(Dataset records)
########################################

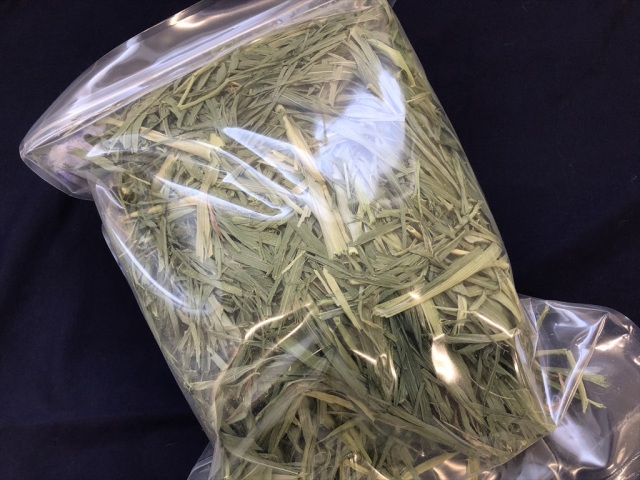 まるごと乾燥オーツヘイ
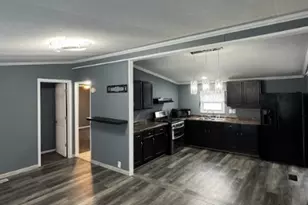 607 Park Ave, Belvidere, IL 61008 - Photo 2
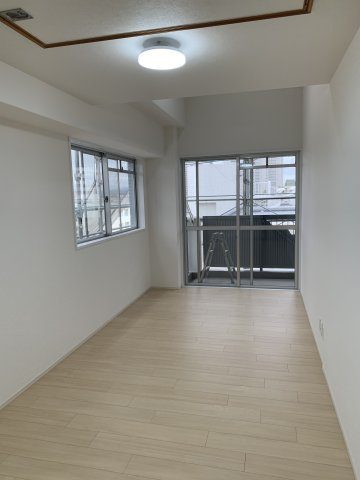 アーサヒルズD棟の洋室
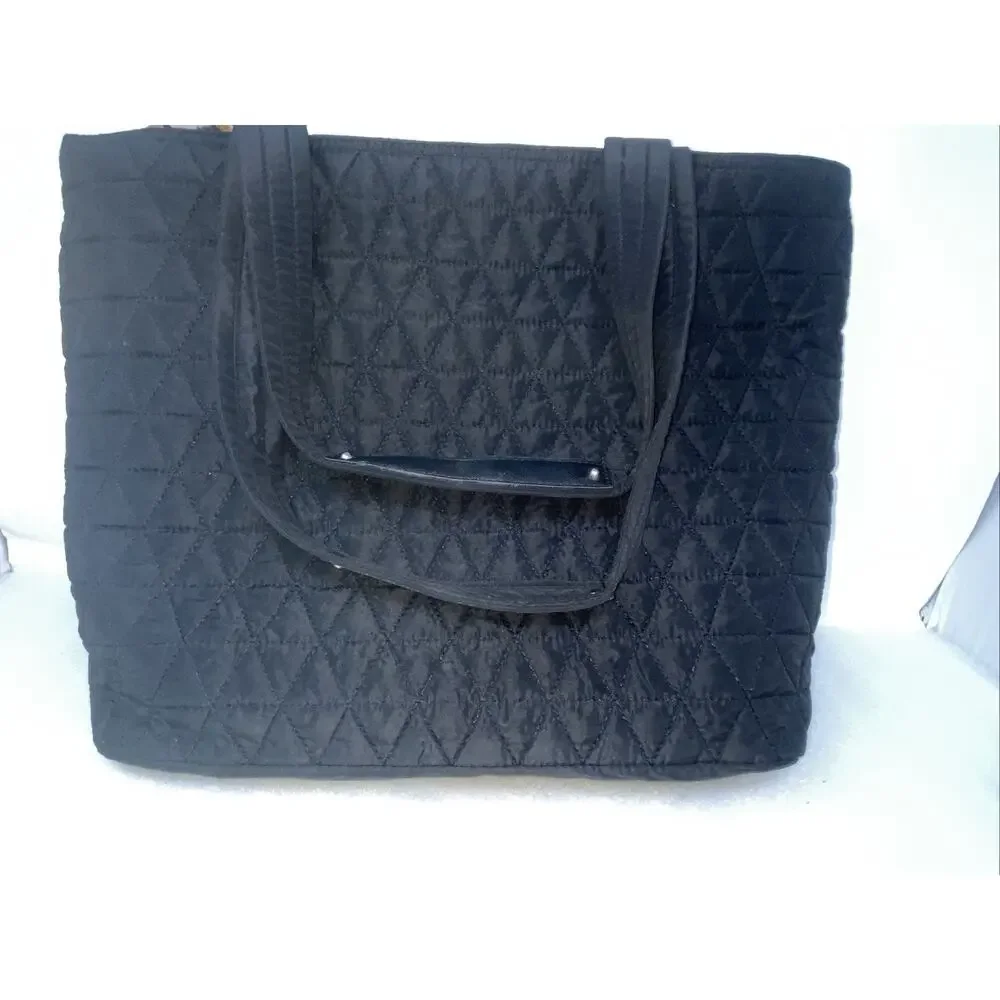 Quilted Luxe Insulated Laptop Bag with Zipper Front Pocket and Food Containers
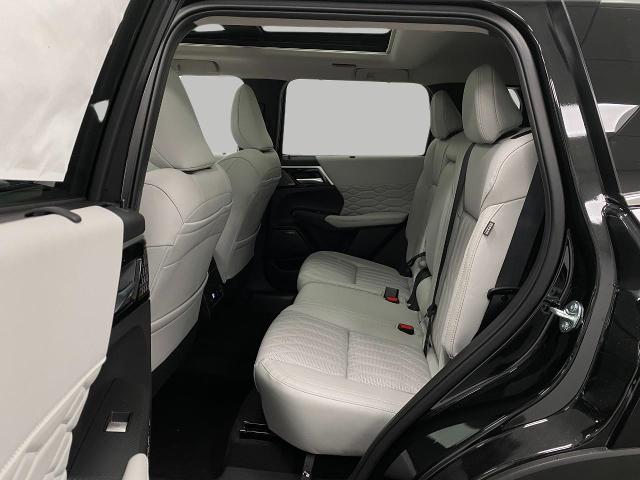 2025 Mitsubishi Outlander Vehicle Photo in Appleton, WI 54913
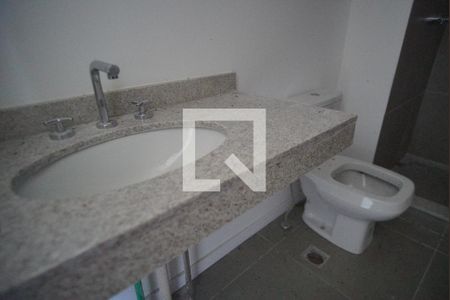 Banheiro Corredor de apartamento à venda com 1 quarto, 47m² em Passo D’areia, Porto Alegre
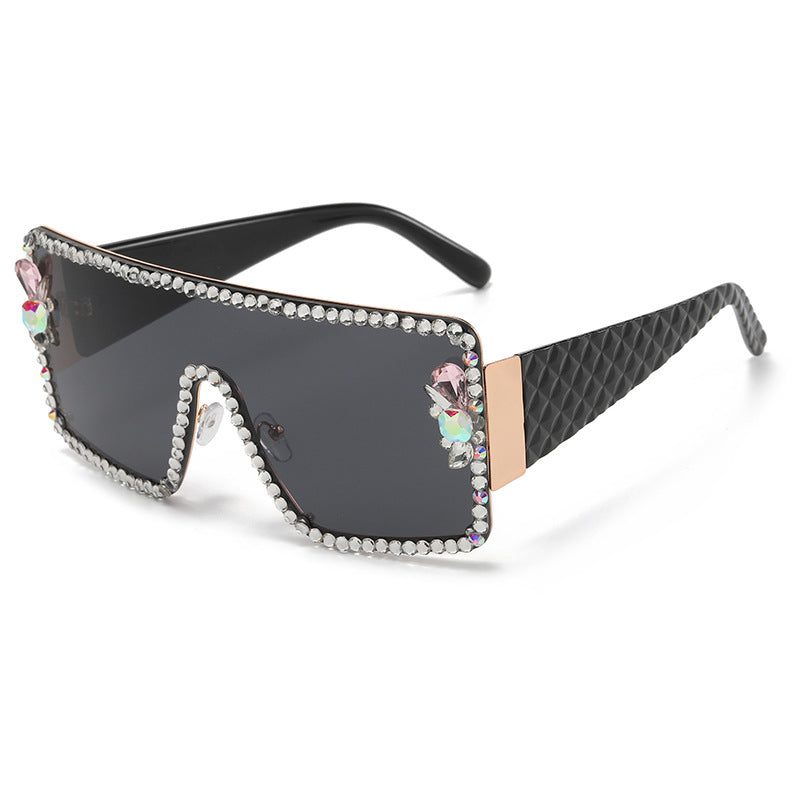 Women's fashion glasses 新款欧美大框镶钻太阳镜女防紫外线眼镜圆脸大脸显瘦影楼拍照墨镜
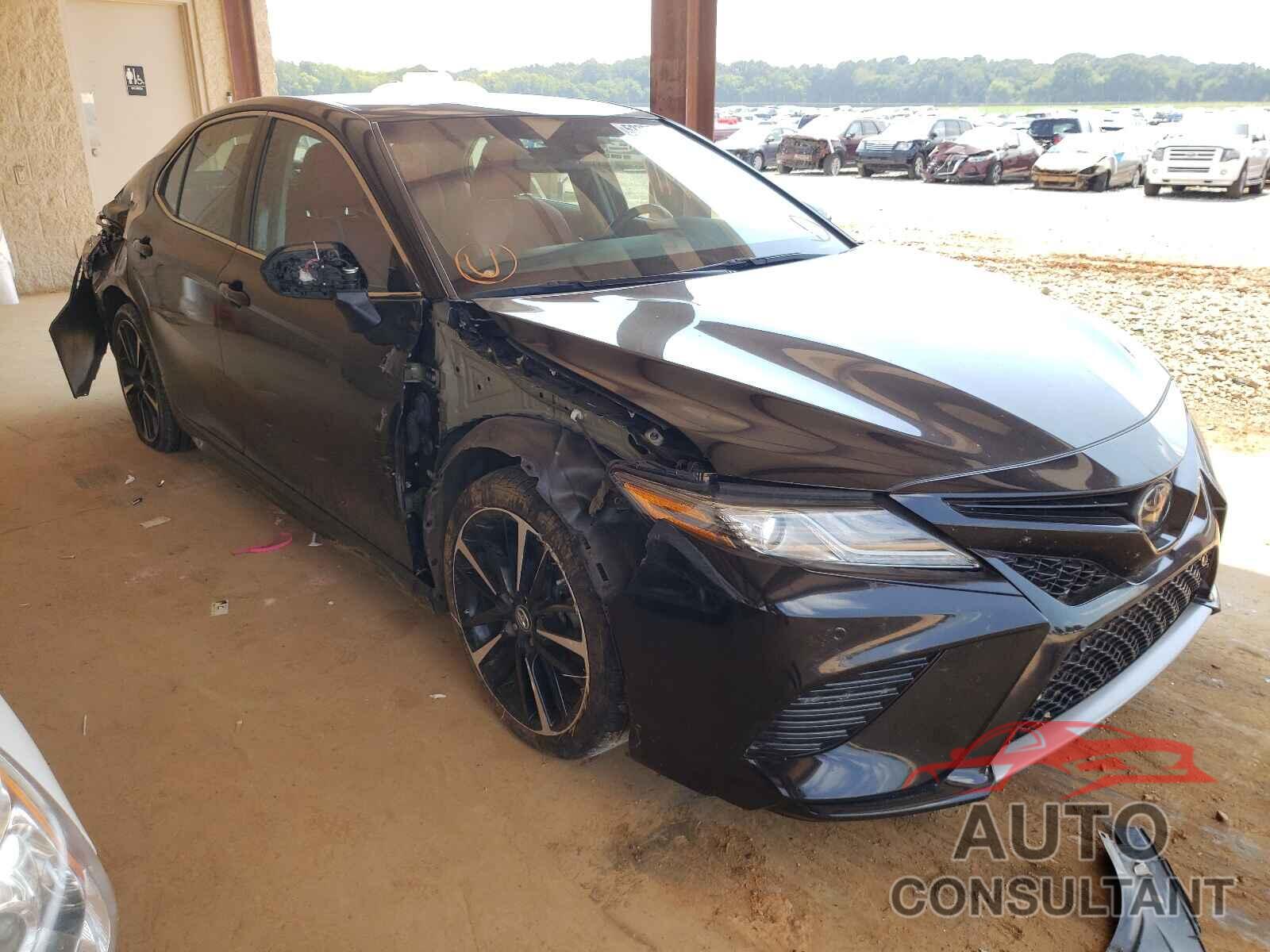 TOYOTA CAMRY 2018 - 4T1B61HK3JU133182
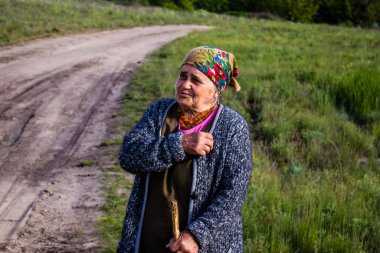 Ukrayna 'nın Donetsk Oblastı' ndaki Yampil köyünün sakinleri. Gönüllülerin getirdiği insani yardım sayesinde insanlar hayatta kalıyor. Evler harabe halinde ve siviller temel ihtiyaçlar olmadan yaşamak zorunda bırakılıyor. Sıcaklık, akan su ve...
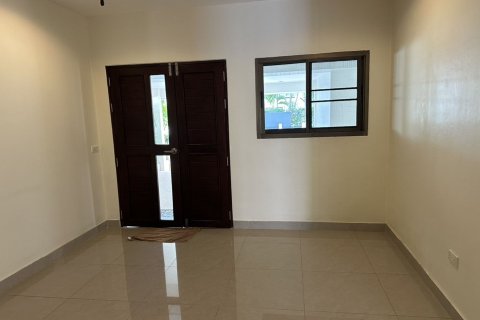 Villa in Hua Hin, Thailand 4 bedrooms № 168953 - photo 9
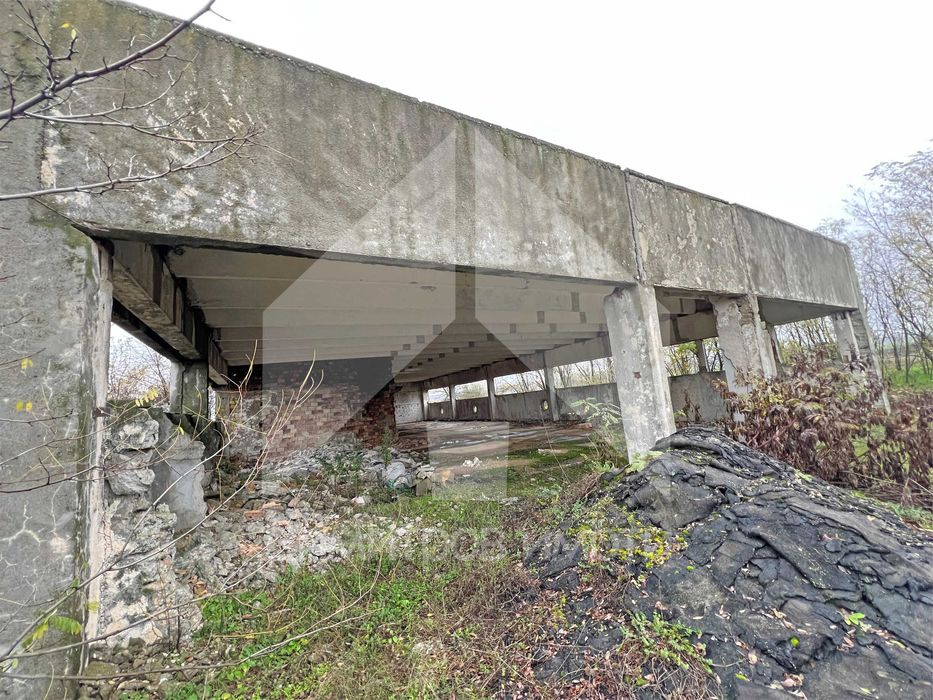 Продава се Склад в с. Никола Козлево, Област Шумен - 610 кв.м за 210 €/кв.м - Снимка #6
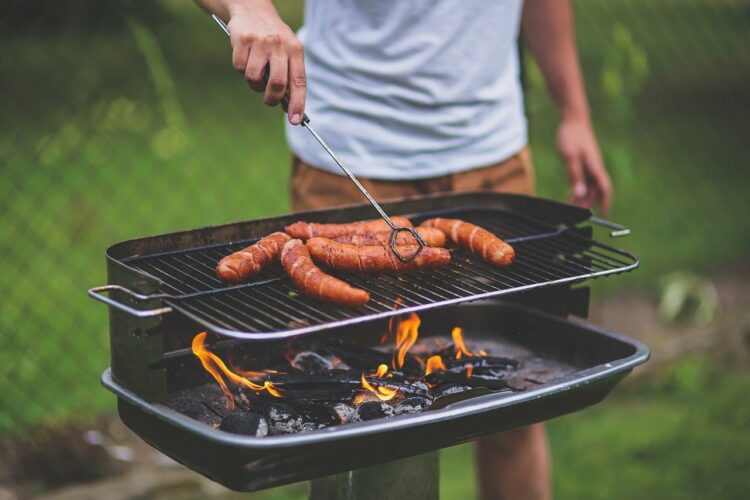Ile kcal ma kiełbasa? | kiełbasa kcal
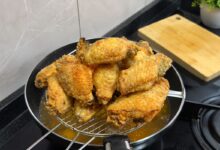 Frango frito: a técnica inusitada para crocância sem empanar e os cuidados essenciais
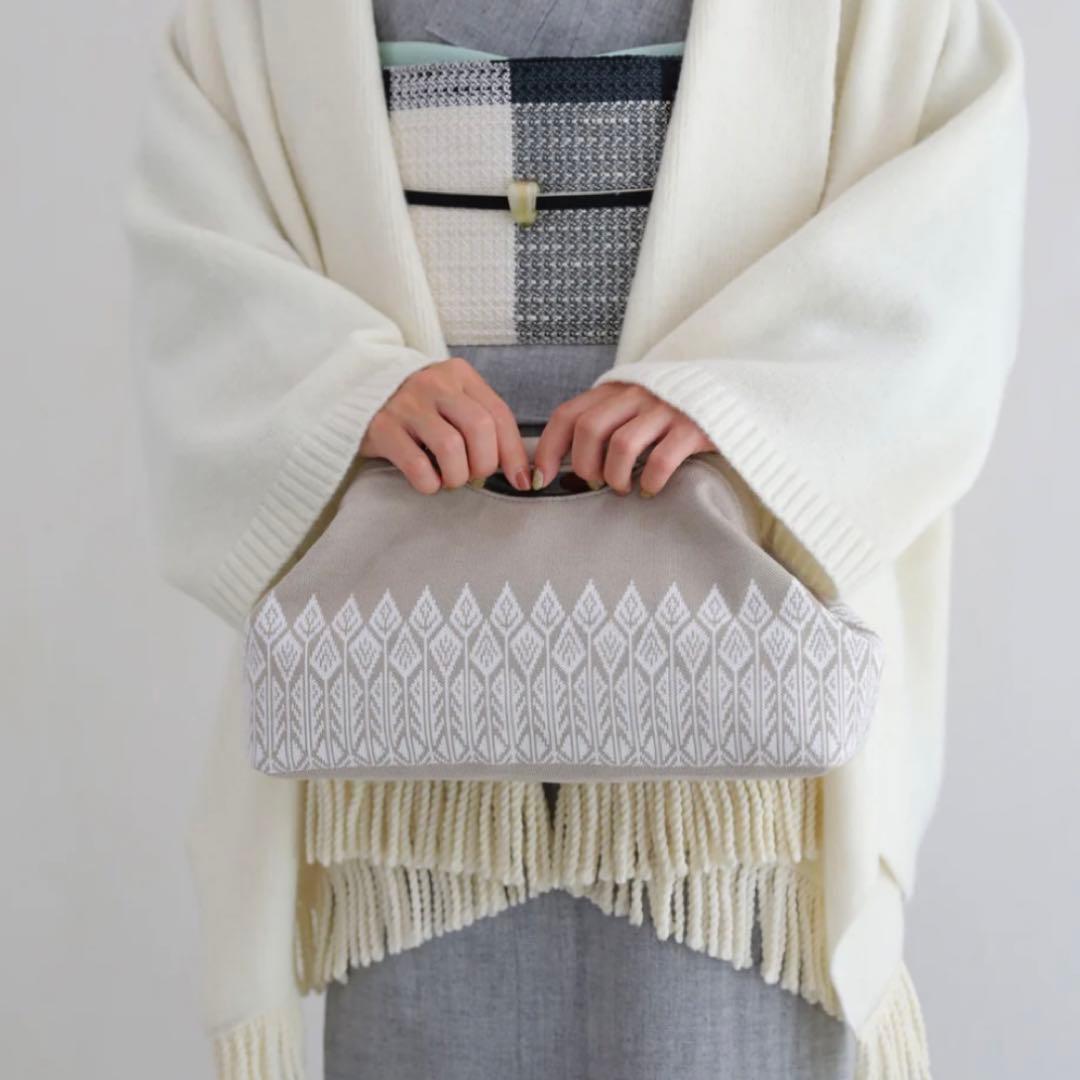 完売カラー！！【YOUTOWA】フォレストニット・ハンドルクラッチバッグ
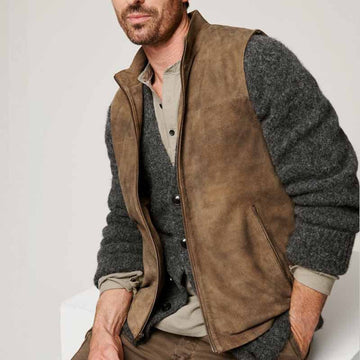 Men's warm winter vest with zipper closure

########################################

Task directions: Set down word for word every line from the line containing "Ukrayna 'nın Donetsk" through the last line of the entries, and nothing more; no pictures.

Solution:
 Ukrayna 'nın Donetsk Oblastı' ndaki Yampil köyünün sakinleri. Gönüllülerin getirdiği insani yardım sayesinde insanlar hayatta kalıyor. Evler harabe halinde ve siviller temel ihtiyaçlar olmadan yaşamak zorunda bırakılıyor. Sıcaklık, akan su ve...
 Villa in Hua Hin, Thailand 4 bedrooms № 168953 - photo 9
 Продава се Склад в с. Никола Козлево, Област Шумен - 610 кв.м за 210 €/кв.м - Снимка #6
Ile kcal ma kiełbasa? | kiełbasa kcal
 Frango frito: a técnica inusitada para crocância sem empanar e os cuidados essenciais
 完売カラー！！【YOUTOWA】フォレストニット・ハンドルクラッチバッグ
 Men's warm winter vest with zipper closure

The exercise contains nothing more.